Николаич смущается, но все же нетвердо и неожиданным тенорком напевает:

Ко мне подходит санитарка (звать Тамарка)
Давай я ногу первяжу.
И в санитарную машину (студебекер)
С собою рядом положу.

Бежала по полю Аксинья (морда синя)
В больших кирзовых сапогах.
За нею гнался Афанасий (восемь на семь)
С большим термометром в руках.

Меня в больнице год лечили – уморили
Хотели мне пришить ногу.
Ногу они мне не пришили – трагладиты,
Теперь служить я не могу.

– Ну, и так можно, – покладисто соглашается Семен Семеныч.

Зданьице, где нас расположили на ночлег, стоит слегка на отшибе, но вход освещен ярко. Выгружаемся и заходим внутрь, не забывая посматривать по сторонам.

Уюта, разумеется, ноль – видно, что готовили для нас место наспех и формально. Придраться не к чему особенно, но явно – холодные сапожники делали, причем по списку: кроватей стоко-то, матрасов – соответственно, белья до кучи – вали кулем, потом разберем!

Говорю об этом братцу. Тот таращит непонимающе глаза и вопрошает с недоумением:

– Кисейных занавесочек не хватает?

– Уюта, чудовище!

– А, ну да, Станислав Катчинский, как же! Поспал бы ты в морге на люменевой каталке – не выдрючивался бы, как девственная девственница.

– Какой Катчинский? – осведомляется у меня оказавшийся рядом Семен Семеныч.

– Персонаж Ремарка – «На Западном фронте без перемен». Я эту книжку перед армией как раз прочитал, и мне этот солдат понравился – вот я его за образец и взял.

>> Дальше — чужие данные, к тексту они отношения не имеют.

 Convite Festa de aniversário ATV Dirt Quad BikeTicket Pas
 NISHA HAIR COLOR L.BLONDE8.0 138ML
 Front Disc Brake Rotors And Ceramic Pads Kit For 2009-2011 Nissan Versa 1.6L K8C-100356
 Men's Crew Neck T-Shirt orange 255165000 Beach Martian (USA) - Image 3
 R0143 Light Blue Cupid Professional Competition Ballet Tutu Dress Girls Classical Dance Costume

Пыхтя, начинаем расставлять удобнее наставленную абы как мебель.

– А чем он так хорош-то оказался?

– Он умел в любых, самых гадких условиях приготовить – и найти – жратву и устроить удобный ночлег. За что его товарищи и ценили.

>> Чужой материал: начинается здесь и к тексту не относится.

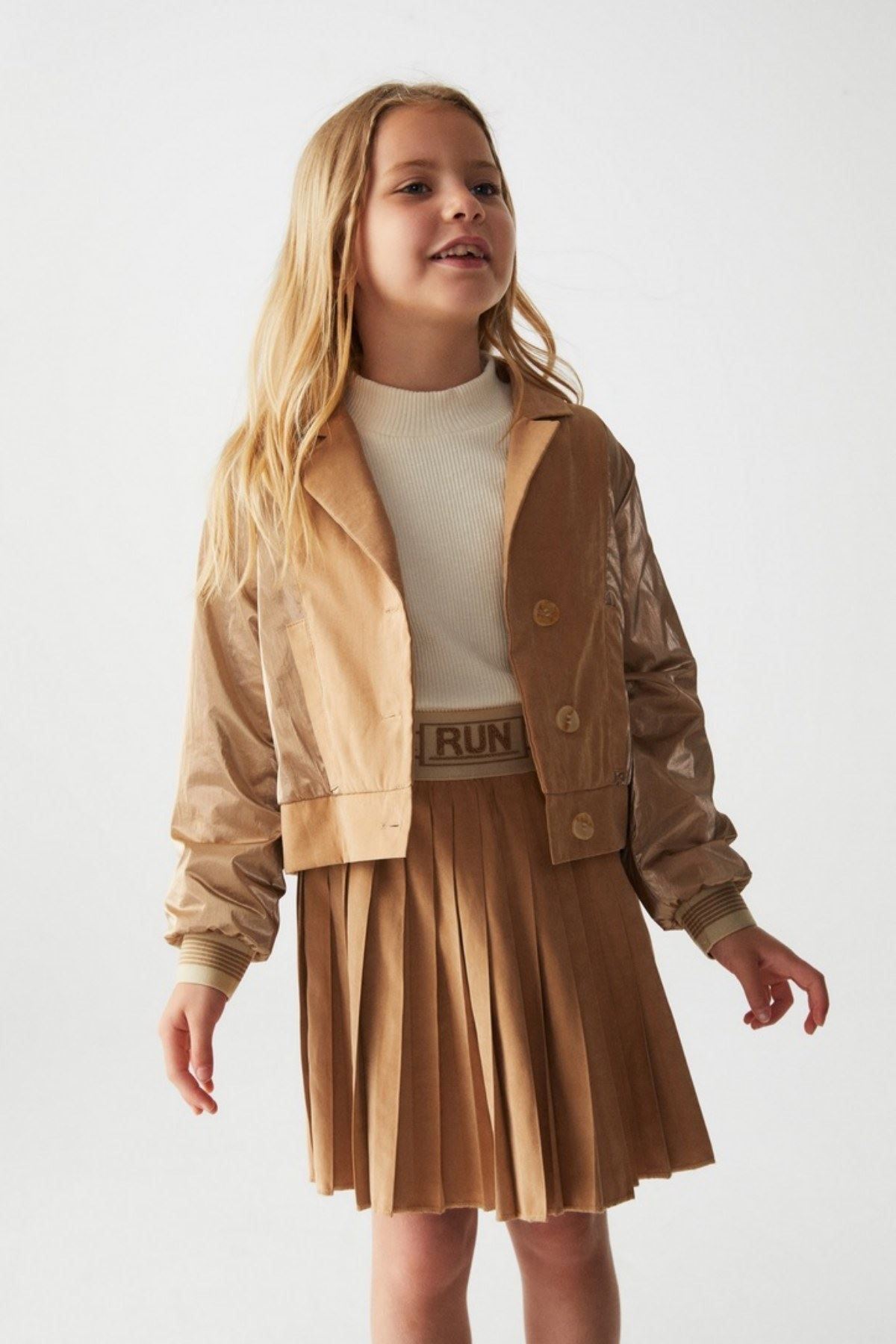 4-8 Yaş BUTTERLY MAGAZA Kız Çocuk Ceket-Karamel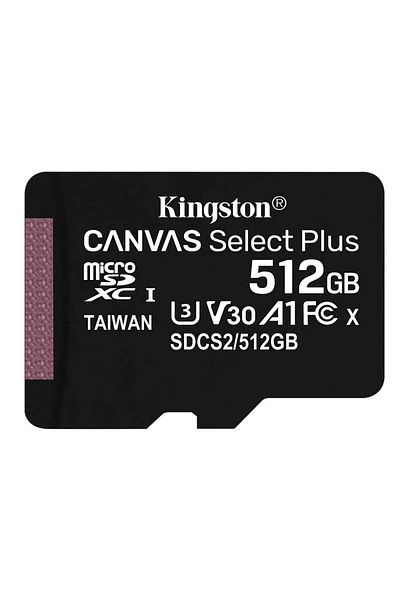 Kingston Kingston Canvas Select Plus MicroSD memory card, 512GB, UHS-I, Class 10 + SD Adapter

– Не мудрено. Хотя вот сейчас токо бы прилечь. После морга-то тут куда как здорово, это вашим братом верно сказано было.

– Вас хоть покормили?

– Ага. Куриным супом, представляете? Это ж какая прелесть, если подумать! Картошечка, морковочка, риса чутка – и курицы здоровенный кусище, мягчайший! Петрушкой посыпано, укропчиком! Душистое все – чуть не расплакался. И потом макароны – с тертым сыром и соусом! И кисель вишневый! От аромата нос винтом закрутился!

– Да вы ж уже роллтона сегодня хотели?

– Э, роллтон по сравнению с грамотно и душевно приготовленной пищей – ничто и звать никак. От безысходности роллтон-то. Все – таки жидкое и горячее…

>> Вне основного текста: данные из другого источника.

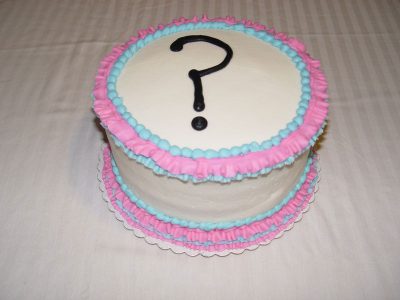 Pink Blue Question Mark Cake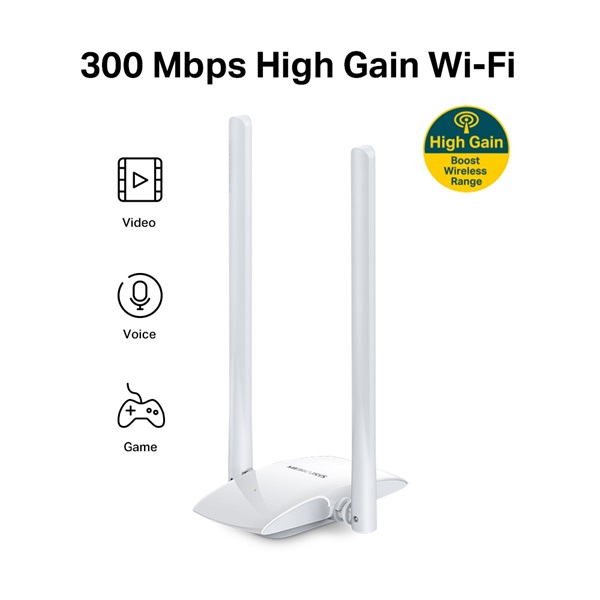 Mercusys MW300UH 300Mbps nagy nyereségű vezeték nélküli USB adapter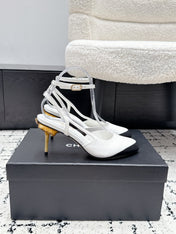 CHANEL 26S HEELED SLINGBACKS 75 MM IN WHITE LAMBSKIN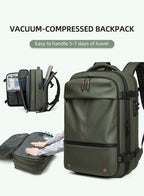 Vacuum-compressed backpack with a person using it to compress items, on a white background.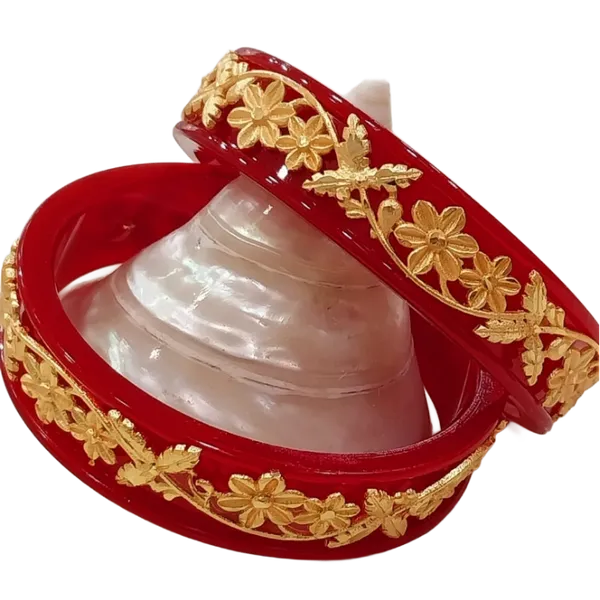 Purabi_Jewels_Red_Pola_Bangles_with_Floral_Design_&_Gold_Plating_/_Traditional_Jewelry_for_Married_Women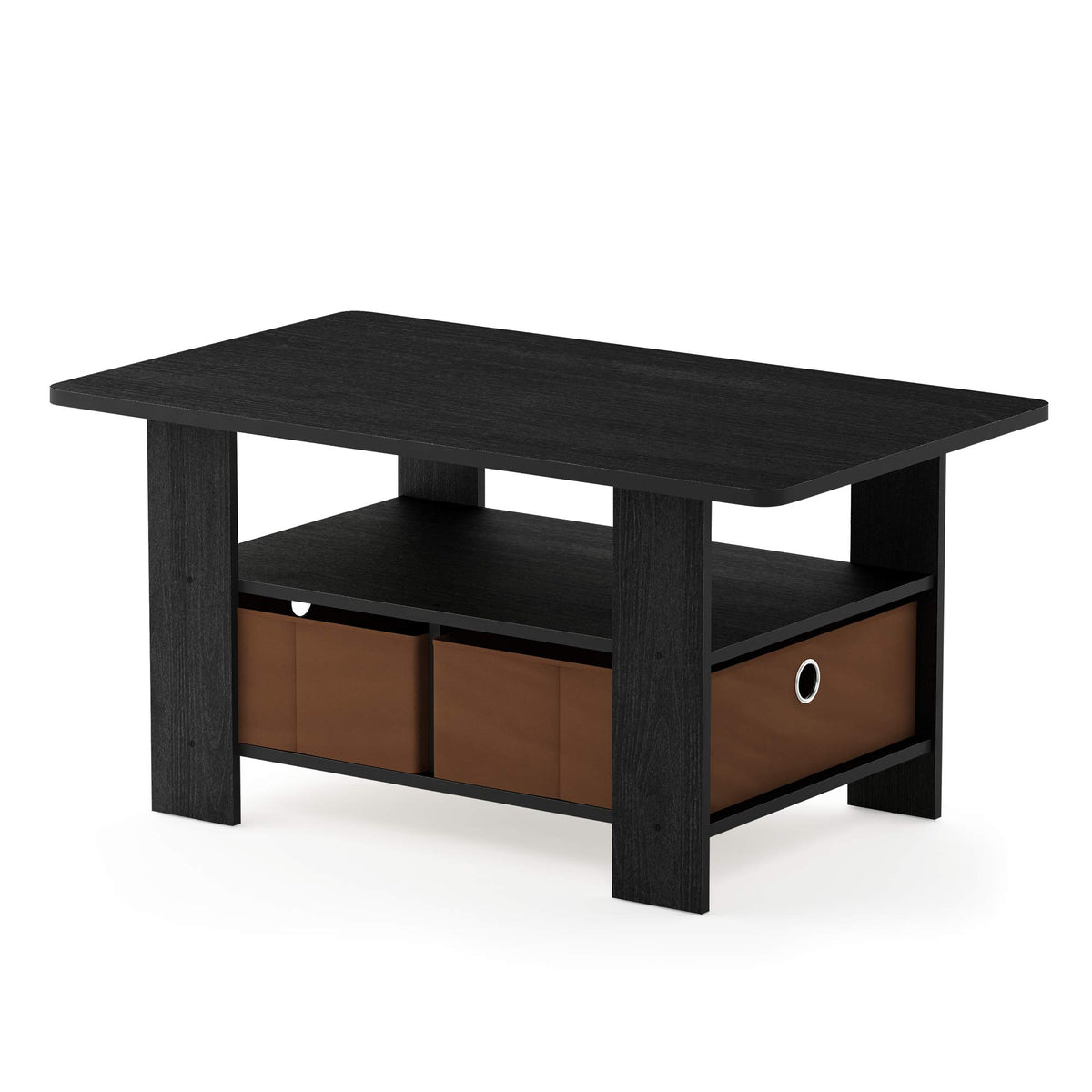 Furinno Andrey Coffee Table With Bin Drawer, Americano/Medium Brown, Small Non-Lift Top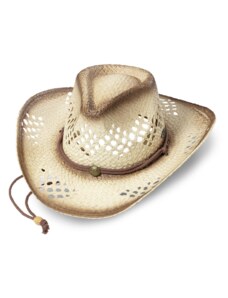Béžový slaměný western klobouk - Stars and Stripes - ORLANDO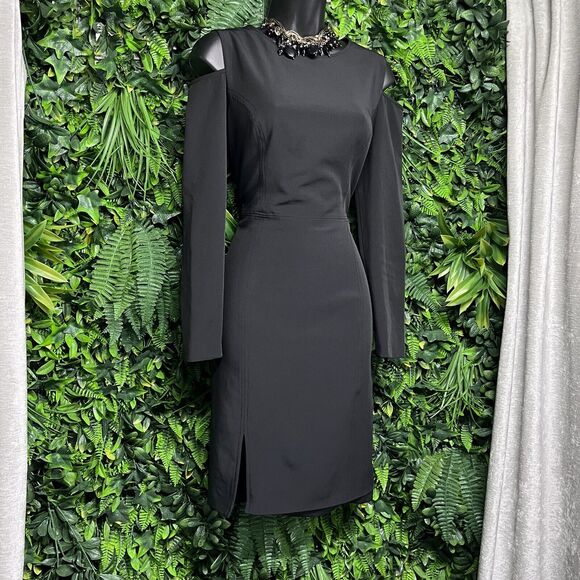 AIDAN MATTOX Dress Women 10 Black Cold Shoulder Sheath Front Split 1966 - Picture 5 of 10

– Во! Братец, слушай, что умные люди говорят!

– Слушал уже, несколько дней. Токо не верю ни единому слову, ибо воистину – харчевался Семен Семеныч и в шавермячных, и фэтс-фудах, и в прочих богомерзких и отвратных зело местах.

– А куда денешься? Кушинькать-то хочется. А у нас тут не Европы, на каждом шагу ресторанов нету – неожиданно начинает оправдываться матерый дальнобойщик.

– Истинно, истинно говорю вам, чада мои: отверзши уста свои на шаурму, совершают человецы смертный грех! – пророческим голосом продолжает мой братец.

– Эко на тебя накатило, братец, святым духом!

– Дык меня в больнице пару раз за священнослужителя приняли, вот и вошел в роль, – выходит, наконец, из роли проповедника мой родственник.